Productivity Growth and Human Development

Level:
A-Level
Board:
AQA, Edexcel, OCR, IB

Last updated 21 Mar 2021

To what extent is higher productivity important for a country wanting to make significant improvements in their Human Development Index rankings?

Productivity is a measure of the efficiency of factors of production for example measured by output per person employed or the value of output per hour.

In the long run, productivity is a major determinant of economic growth and also of inflation.

A fall in labour productivity leads to a rise in firms’ (unit) costs of production (assuming that the level of wages remains the same)

Higher productivity allows businesses to pay higher wages and achieve increased profits at the same time.

So progress in lifting labour and capital productivity will be important for lower and middle income countries who wish to increase their absolute human development index scores and also their relative position in the rankings.

Countries with high productivity as measured by the value of output per worker employed are normally near the top of global rankings for the world’s richest countries.
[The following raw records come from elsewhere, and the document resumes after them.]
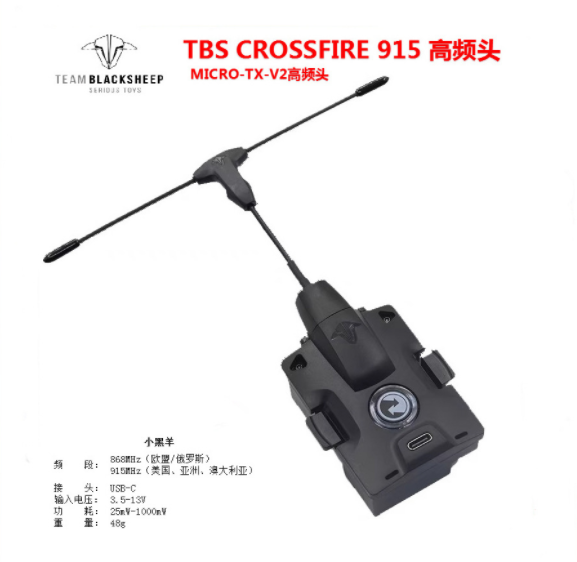 2026 TBS CROSSFIRE MICRO TX V2 - Tbs Fpv Crossfire review and price
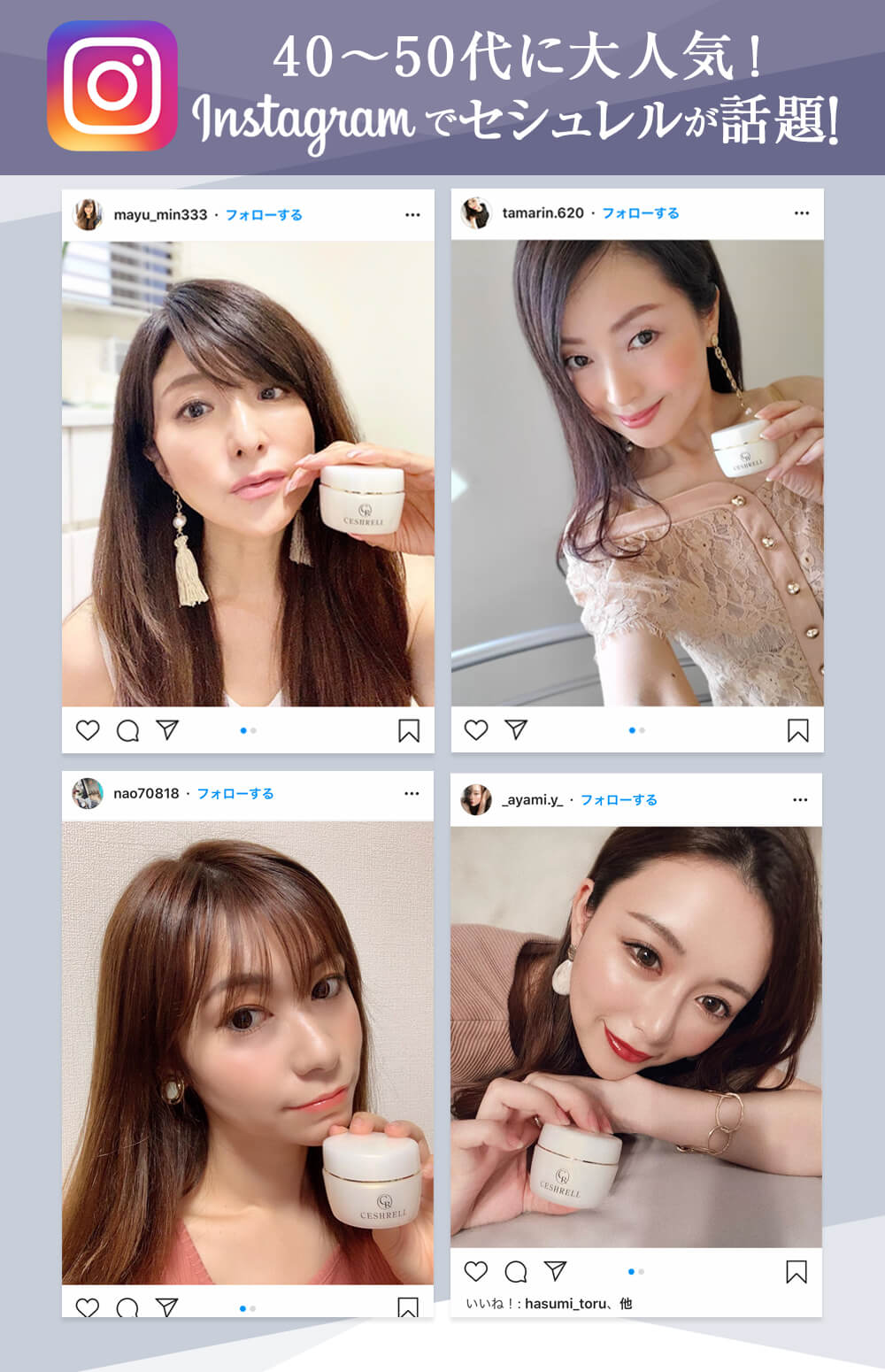 instagramでもセシュレルが話題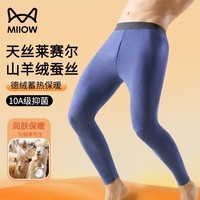 猫人男士秋裤保暖裤男羊绒蚕丝25新款高端内衣加厚打底裤秋冬毛线裤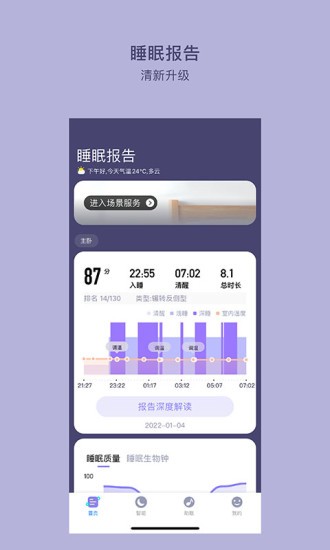 睡眠监测软件(C-Life睡眠) v4.0.0 安卓版3
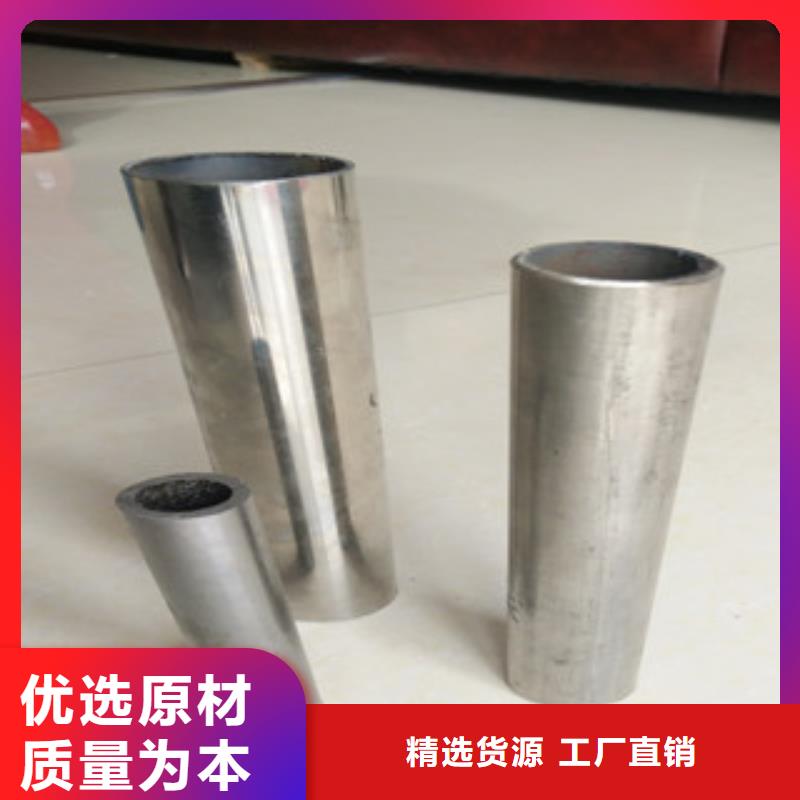 专业销售不锈钢复合管厂家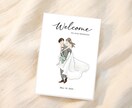 ウェディングの似顔絵イラストを作成します ☆前撮り写真がなくてもOK☆データ納品、修正何度でも。 イメージ1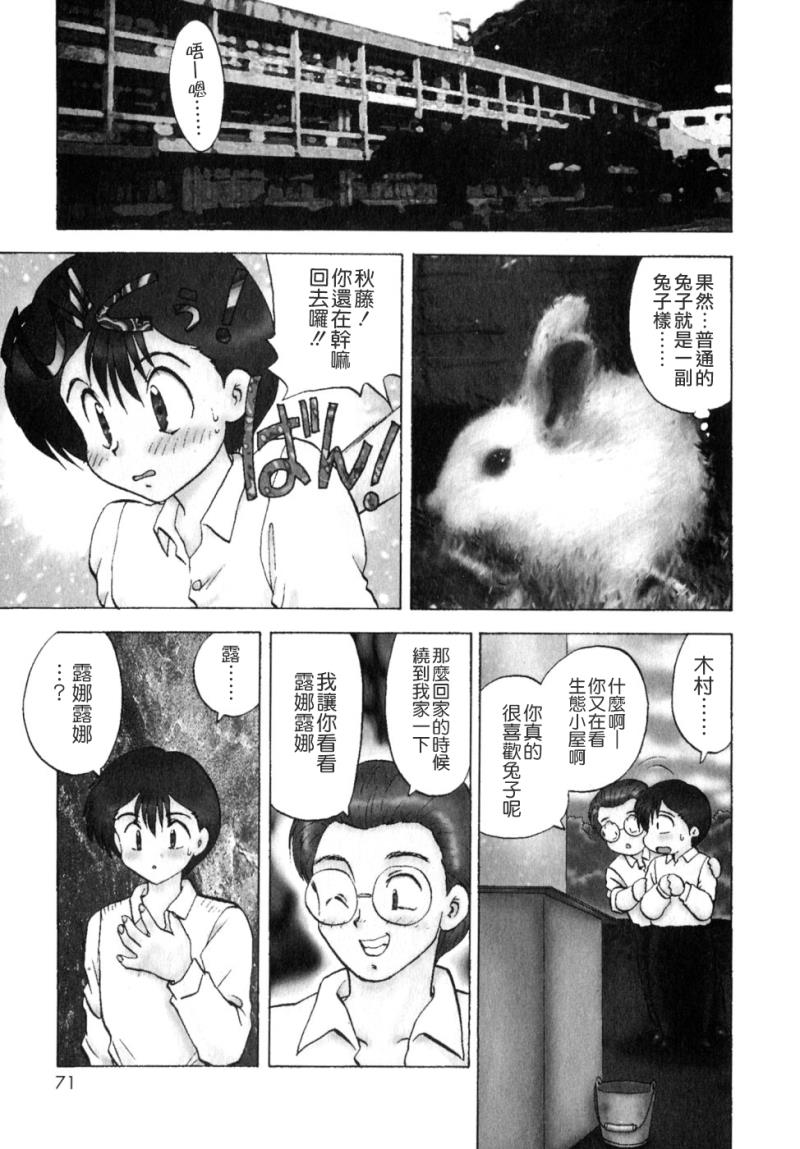 หน้า 70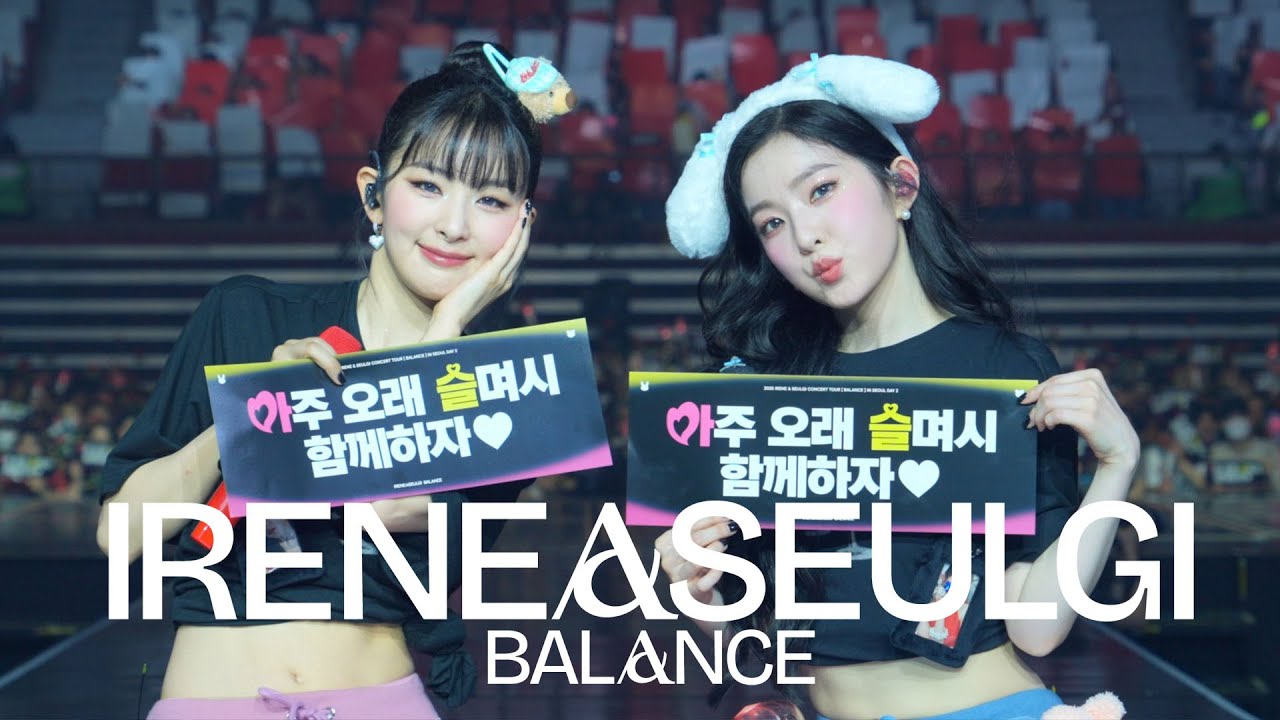 아~주 오래 슬~며시 함께하자❤️ㅣ2025 IRENE & SEULGI Concert Tour BALANCE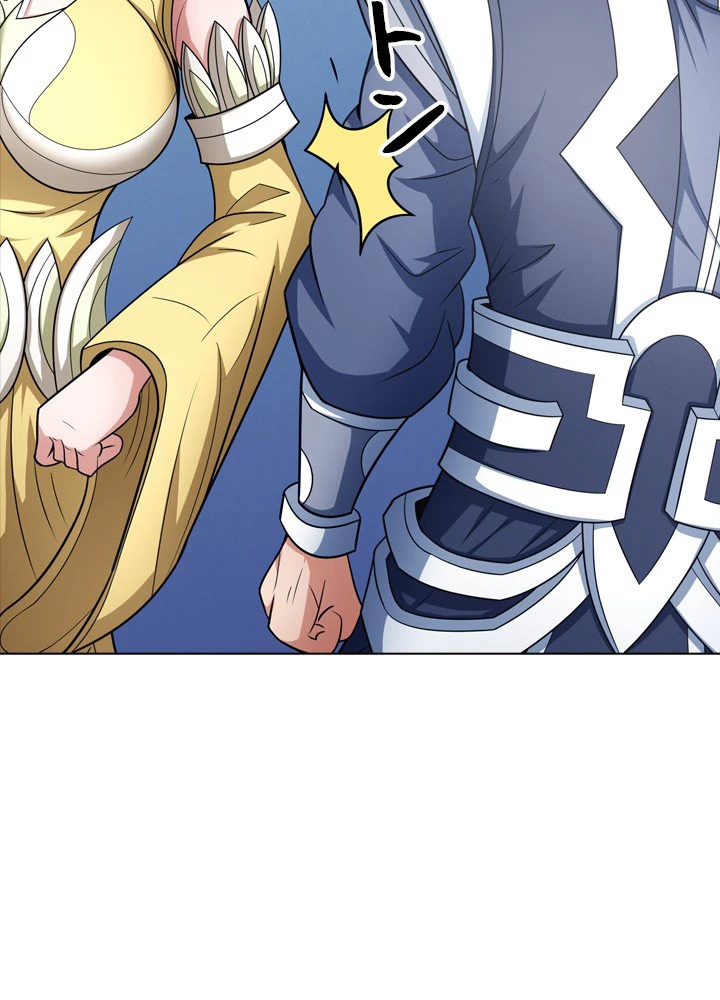 絶世の武魂 257話 - 8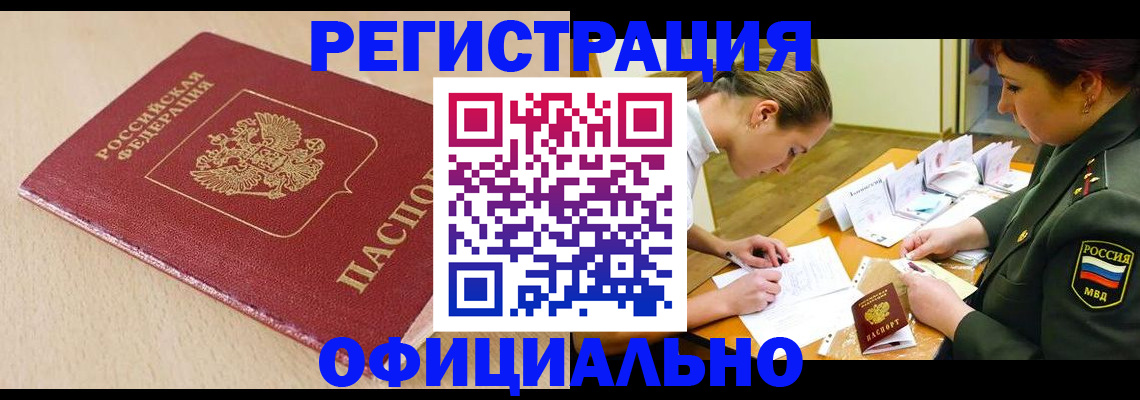 временная регистрация законно в Дзержинском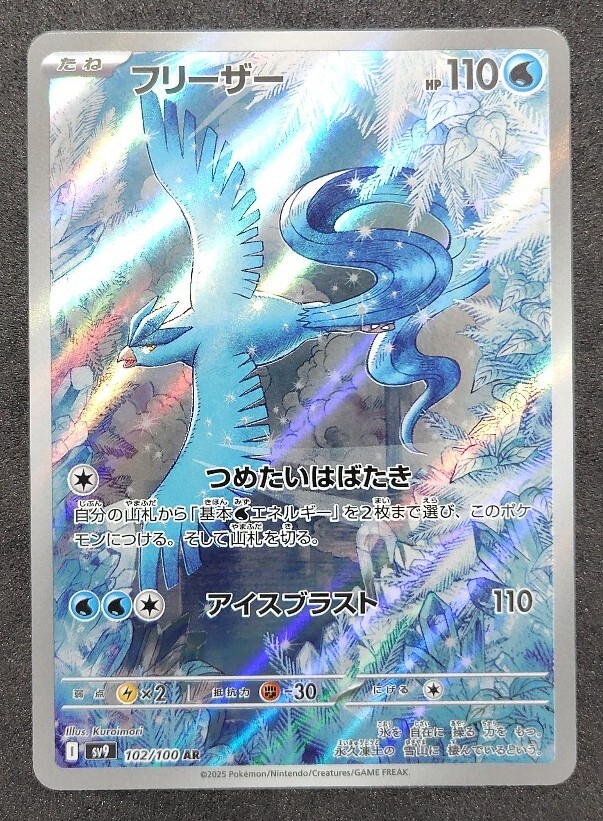 フリーザー web psa9 アンリミ ポケカ ポケモンカード 61yb8Bbq9VL._UF350,350_QL50_.jpg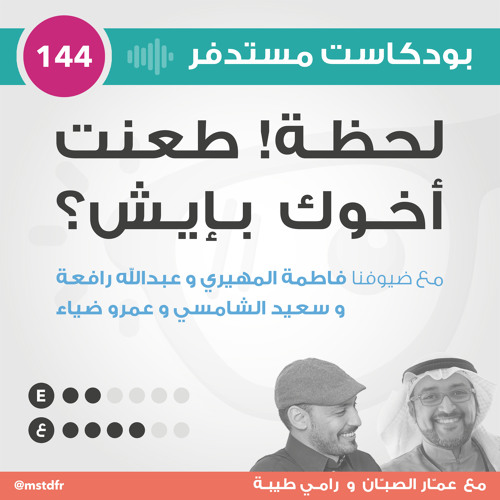 #144: لحظة! طعنت أخوك بإيش؟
However, this does not necessarily translate into the highest values for the Human Development Index. Qatar, Kuwait and Saudi Arabia for example are all outside the top 30 nations using the 2015 HDI report. Remember that the HDI includes real GNI per capita as a category with a one-third weighting, but that education and health outcomes have equal importance.

If the gains from productivity improvements are unevenly distributed among the population then a country's inequality-adjusted HDI scores will also suffer.